We chose to analyze scaphoid waist fractures in this study. Scaphoid waist fractures are the most common type of scaphoid fracture and exhibit a variety of fracture configurations (transverse, horizontal oblique, vertical oblique, and coronal). 23 24 25 26 An advantage of our study compared with prior studies is that our cohort includes many different scaphoid morphologies with real and varied fracture patterns, which imparts generalizability of our results. Our correlation results are independent of fracture orientation. In addition, scaphoid waist fracture fixation requires rigid stability to counteract the bending, rotational, and translational forces present in this region as shown in biomechanical studies. 9 27 28 29 Therefore, knowledge of the best fixation strategies in this group is most important.

Others have studied “peripheral,” screw placement. 1 3 6 30 Trumble et al in 1996 performed a retrospective clinical evaluation of scaphoid union. 3 They found that cannulated screws placed in the central one-third of the scaphoid were associated with improved time to union as compared with eccentric screws. In their 2000 clinical report, numbers of eccentric screws were too small to evaluate for a difference. 30 This was further studied in the biomechanical study by McCallister et al in 2003 which demonstrated that, in cannulated screw fixation of transverse scaphoid fractures, central screws produced significantly greater stiffness, load at 2 mm of displacement and load at failure than eccentric screws. 1 In these reports, central screws were better than noncentral screws but were not compared with PERP screws. In other cases, eccentric screw positioning was PERP and this PERP fixation was superior to central in this computational model of surface area available. 7 Non-PERP, eccentric screws do not impart the biomechanical advantage of improving compression through decreasing shear area that is obtained with PERP eccentric screws.

Our study has limitations inherent to computer-modeled studies. It is a simulated evaluation and not based on clinical outcomes or in vivo biomechanical factors.

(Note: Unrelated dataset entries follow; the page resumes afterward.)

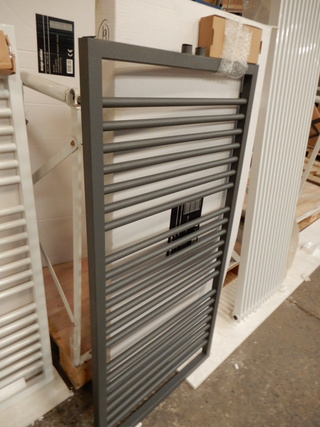 handdoekradiator grijs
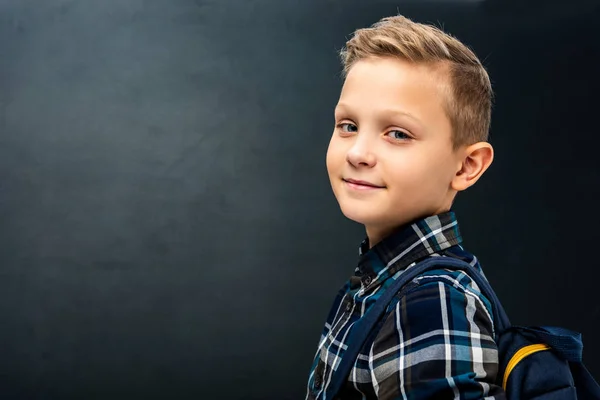 Lachende Schooljongen Met Rugzak Camera Kijken Zwarte Achtergrond — Stockfoto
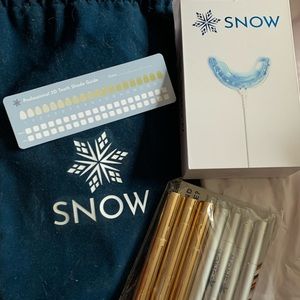 Snow teeth whitening kit. With extra bleach.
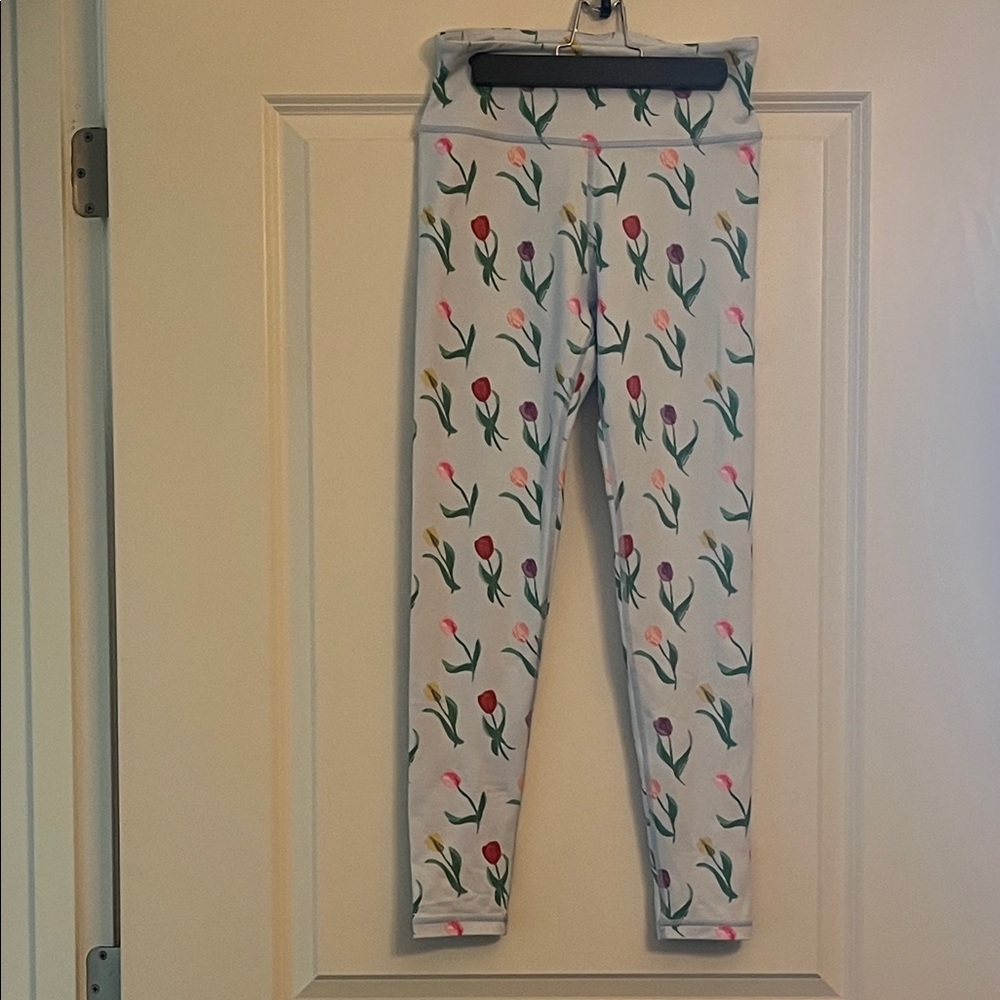 Fashion Brand Company two lips leggings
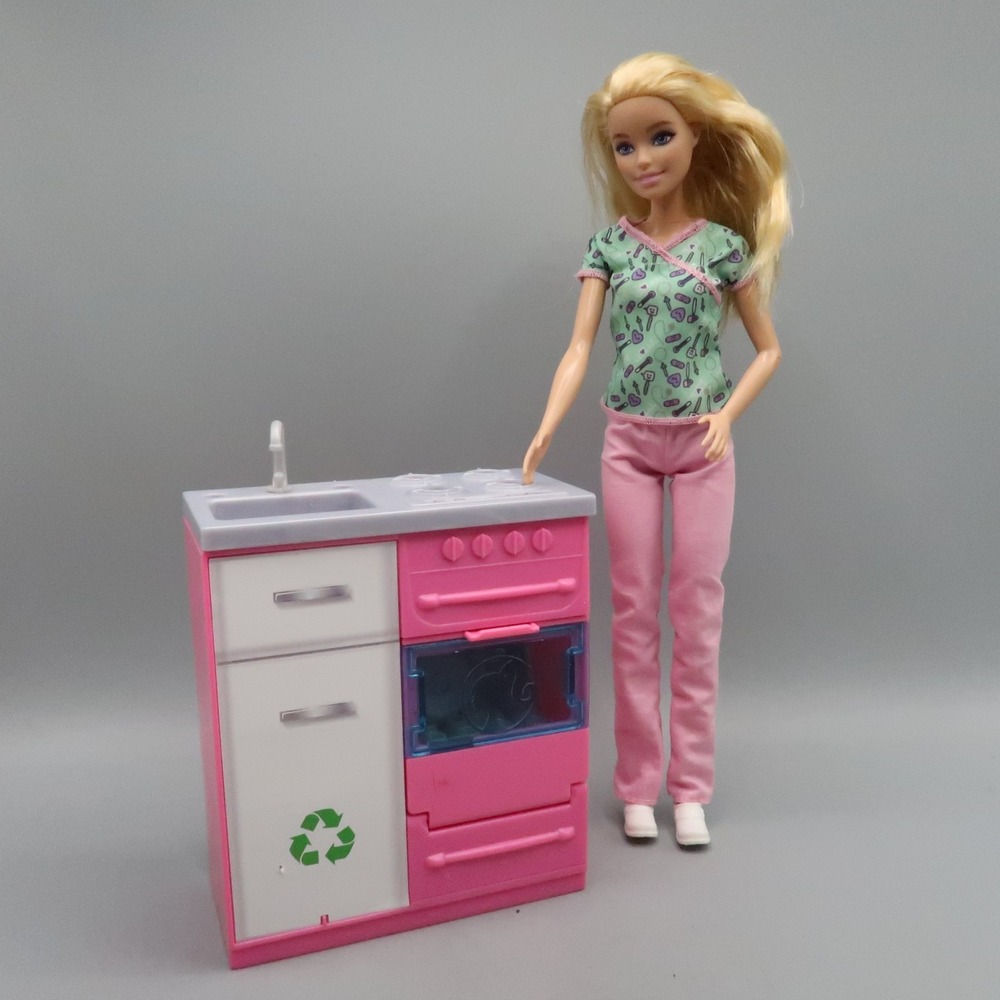 Barbie Doll Blonde‎ Doctor Veterinarian Nurse Kitchen Sink Stove Set Dollhouse
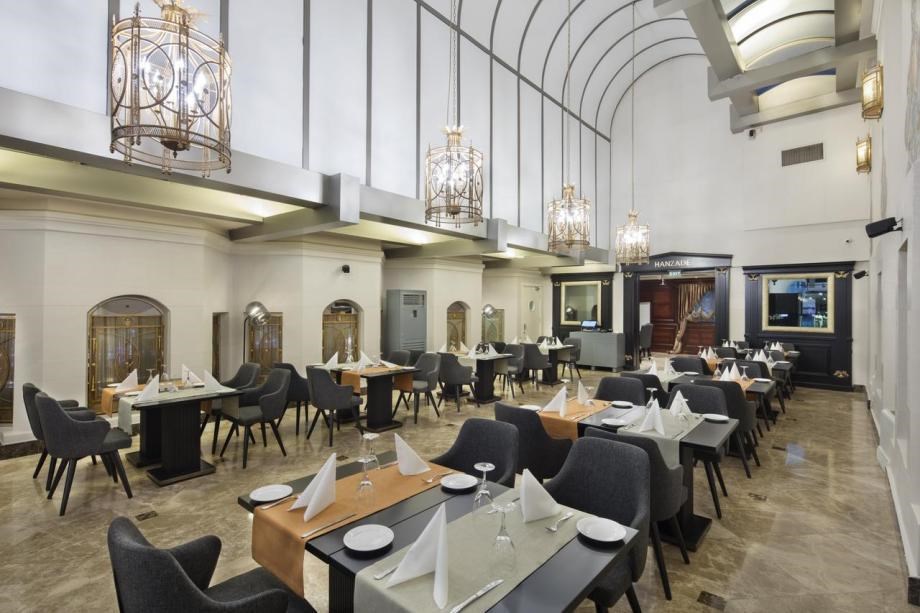 Istanbul Crowne Plaza Old City: Ресторан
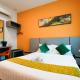 Swing & Pillows - Travelland Hotel, Ipoh, Ипох (фото 7)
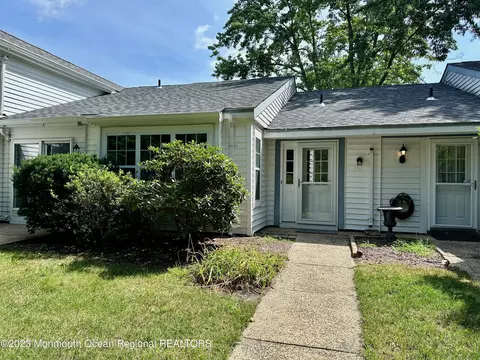 460 Andover Ct # b, Manchester, NJ 08759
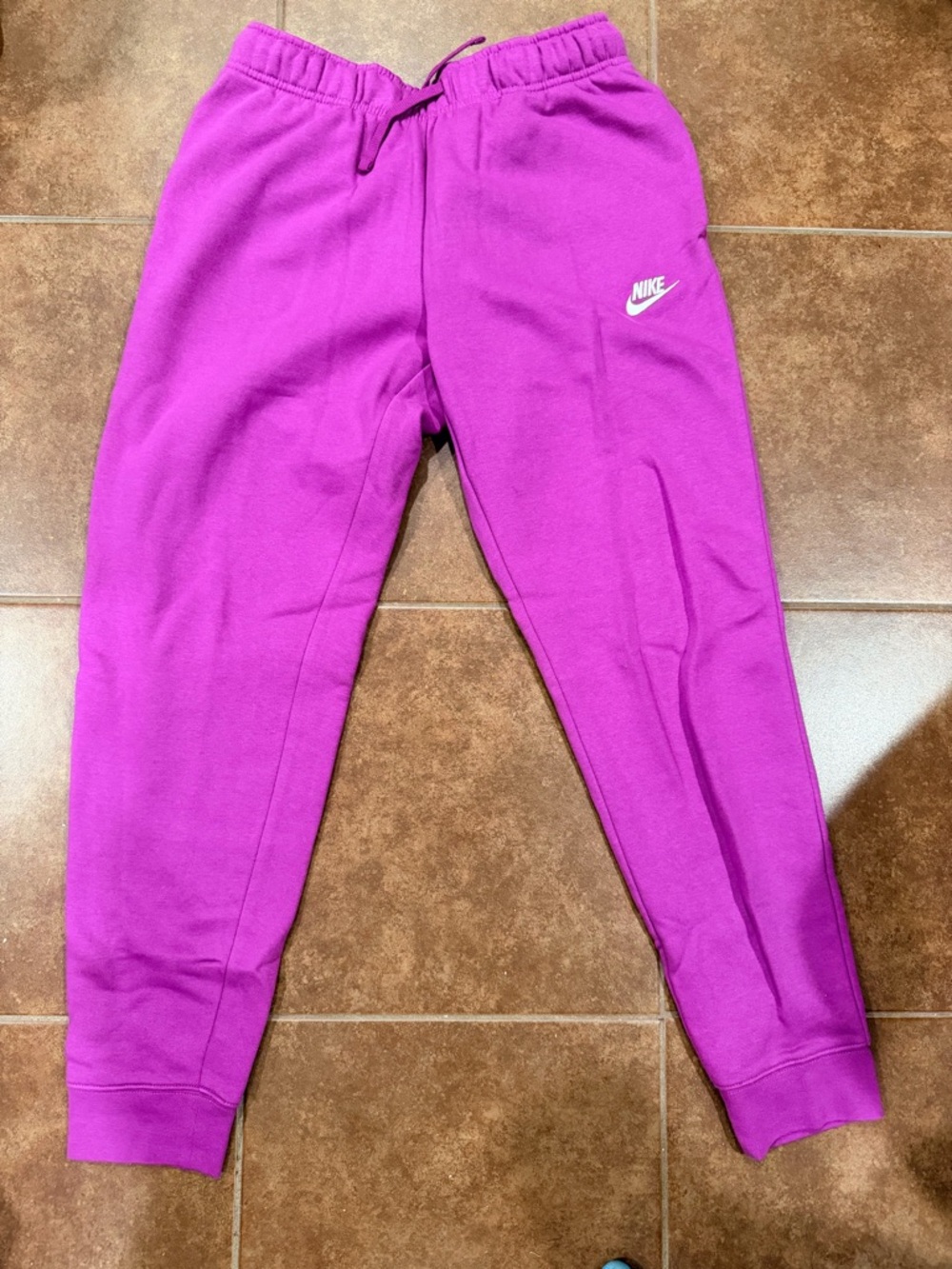 Nike Sportswear Club Mid-Rise Joggers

In addition, our analysis relies on fracture planes rather than irregular fracture pattern. We were also limited on fracture patterns based on our cohort. The Acutrak 2 Mini screw is also a tapered variable pitch screw and the formula used assumes that the bone in the threads fail all at once, which would not happen in vivo. This would not affect the results of our study, however, as we compare such as variables to reach our conclusion and despite this, the compressive forces calculated in this study are comparable to those found in other cadaveric studies. 16 Another limitation of the study is that we assumed constant density of the scaphoid for all specimens. It is possible that with the screws in varying orientations, the average density along the length of engagement may differ. Despite these limitations, this novel computer-modeled study provides valuable information regarding the orientation of screws in scaphoid fractures and can provide a foundation for future studies.

Based on the results of our study in scaphoid waist fractures, we recommend placing screws PERP to the fracture plane to achieve greatest compression. In transverse waist fractures, PTP screws are likely to also be perpendicular screws. In oblique waist fractures, screw perpendicularity increases compression across the fracture site despite a shorter screw.

Conflict of Interest None.

Note

Institutional Ethical Board Review approval was obtained from Hospital for Special Surgery's IRB. Work was performed at the Hospital for Special Surgery, New York.